Although "Perfume" was a scripted film there is considerable improvisation in the performances, with mixed results. For example, Harris and Mariel Hemingway do a photographer/model photo shoot where his improv is excellent and hers is somewhat lame. Although this initially seems like poor directing, on reflection it is more authentic than giving Hemingway carefully scripted lines and a smooth delivery.
"Perfume" is recommended for those who might identify with its setting or its themes. The production design, the editing, and the soundtrack are first class. But if you are annoyed rather than challenged by films with an elliptical storytelling technique and many characters you would do well to give this one a wide berth.
Then again, what do I know? I'm only a child."
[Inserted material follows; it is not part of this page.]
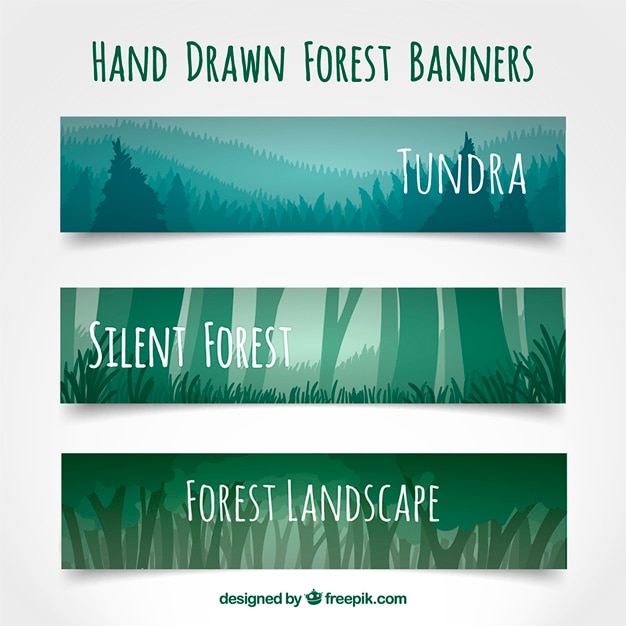 Free Vector forest silhouettes banners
A Glimpse Behind the Scenes...
Audra Thomas | 05/15/2006
(5 out of 5 stars)
"... of the giddily-demented and lunatic world of high fashion along with its tandem industries, where all the egos come "super-sized". Always with personal dramas big enough to match, as everone is truly an "artiste"... of one type or another, and ALWAYS facing a career-altering and earth-shattering crisis of some kind, it's as if they're all living on some isolated island... cast-off from the real world, sucking-up all the abundant co-dependent and self-perpetuating "it's all about me" energy available just to remain alive, slowing sinking into their own self-importance; they are collectively their own eco/ego-system... but so many of us actually listen to what they have to say!!! Their pronouncements are biblical in proportion. I must admit that I watched this film three times, back-to-back, totally absorbed and fascinated.The many wonderful actors, obviously with specific real people in mind and drawing upon same, superbly paint their characterizations in broadly egocentric stokes, creating a rich glimpse into the closed, insular ghetto-ized world of high fashion, where everone is a STAR... or at least believes themself to be, and certainly behaves "as if ". BRAVO!!!"